Religion
- Affiliation: Hinduism
- District: Karharia Khesar Banka
- Deity: Hanuman

Location
- Location: Maldih, Banka near by Pipra High School
- State: Bihar
- Country: India
- Interactive map of Shree Shree 1008 Siya Ram Bhakt Mahavir Balajee Temple
- Coordinates: 25°14′N 86°35′E﻿ / ﻿25.24°N 86.58°E

Website
- www.karharia.blogspot.in

= Mahavir Balaji Temple Karharia =

Hindu temple in Bihar, India

Shri Shri 1008 Siya-Ram Bhakt Mahavir Balaji Mandir (Hindi/Banka: श्री श्री १००८ सिया राम भक्त महावीर बालाजी मंदिर करहरिया ) is a noted Hindu temple, otherwise known as a Mandir, in the Banka district of Bihar. It is dedicated to the Hindu God Hanuman. The name Shri Shri 1008 Sitaram Bhakt Mahavir Balaji is applied to Shri Hanuman in several areas of India, because the childhood form of the Lord (Bala in Hindi or Sanskrit) is especially celebrated there.

The temple is dedicated to Shri Shri 1008 Sitaram bhakt Mahavir Balaji (another name for Shree Hanuman Jee). Unlike similar religious sites, it is located in a village rather than the countryside. Its reputation for ritualistic healing and exorcism of evil spirits attracts many pilgrims from Banka, Bhagalpur and Munger districts and elsewhere. The old village, Karharia, is located near the west side of the small hill of Fullidumar, which is about 8 km away. It is located approximately 500 meters east of the mini block of Maldih Panchayat of Shambhunj main block. Local people worship this Hindu deity every day, and address this village square by the name of Bajrangali Chowk Karharia.

== Personnel ==
The temple is well-known, especially in the southern parts of Bihar. The temple's first mahant was Shri Ganesh Puri ji Maharaj. The present mahant is Shri Naresh Puri ji Maharaj strictly follows a vegetarian diet and reads holy books. His small business sells tea and betel.

== Aid ==
A person suffering from evil spirits (sankatwala) can receive relief through in various ways including Ghee Light (Ghee Ka Diya), Orange Color Vermilion (sindoor), Rice, Urad, darkhast, Pulse, donating and bhog of bundi ke laddu offering to Shri. Tuesdays and Saturdays are the days of Hanumanji.

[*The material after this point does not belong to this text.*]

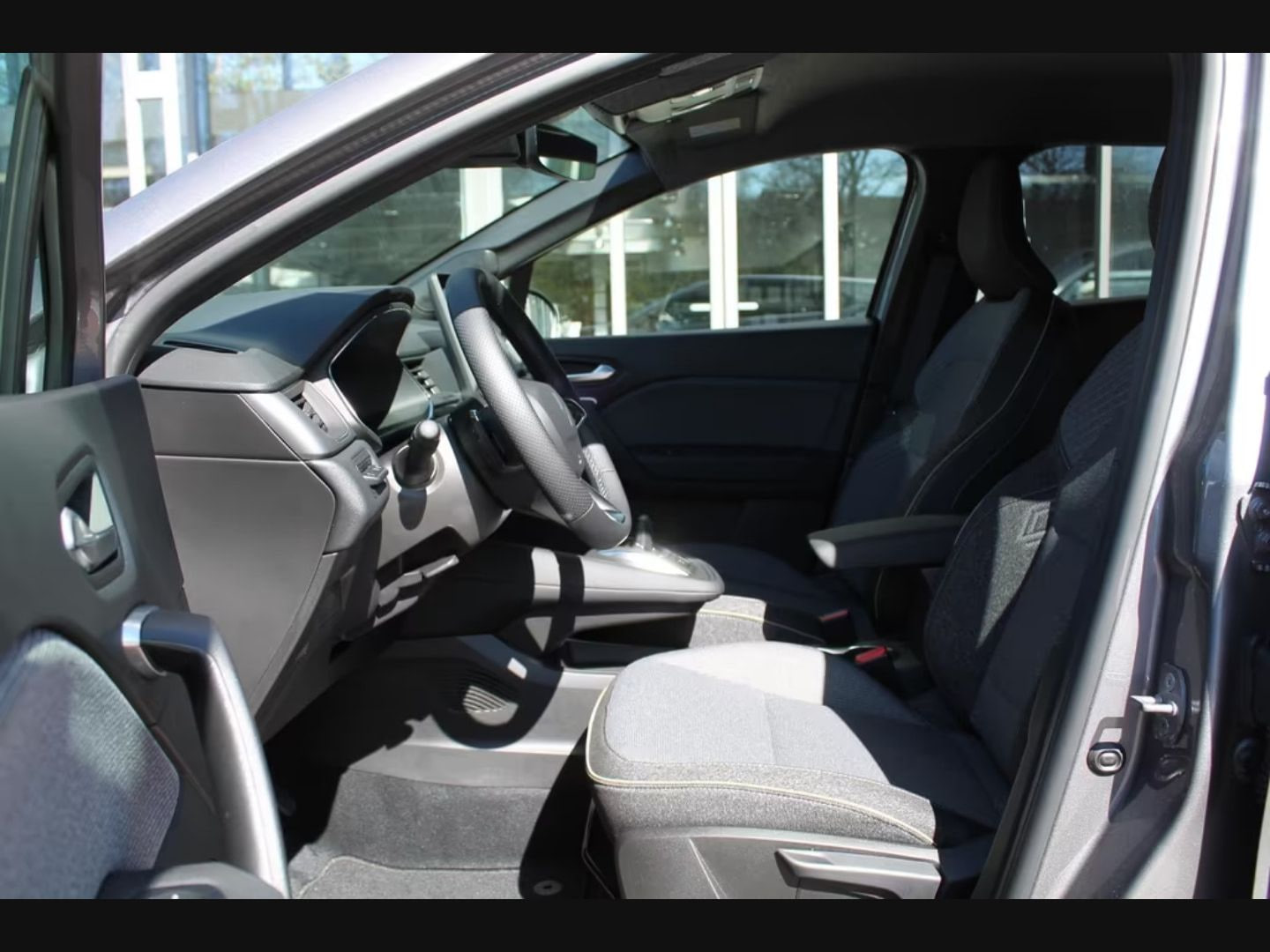 Renault Symbioz — фото 13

The temple performs exorcisms from evil spirits.

== Geography ==
The temple is situated in Karharia, Karauli district near Most Powerful Goddess Shri Durga Mata. The village is situated at the middle of two district blocks- Shambhuganj and Fullidumar. It is 31.2 km from Sultanganj, Bhagalpur, 35.5 km from Banka railway station and 23.2 km from Tarapur, Munger.

Nearby temples include Shree Shitla Mata, Shree Kali Mata, Shre Durga Mata, Shri Jakhraj Baba Palace Shri and Narsingh Baba Palace.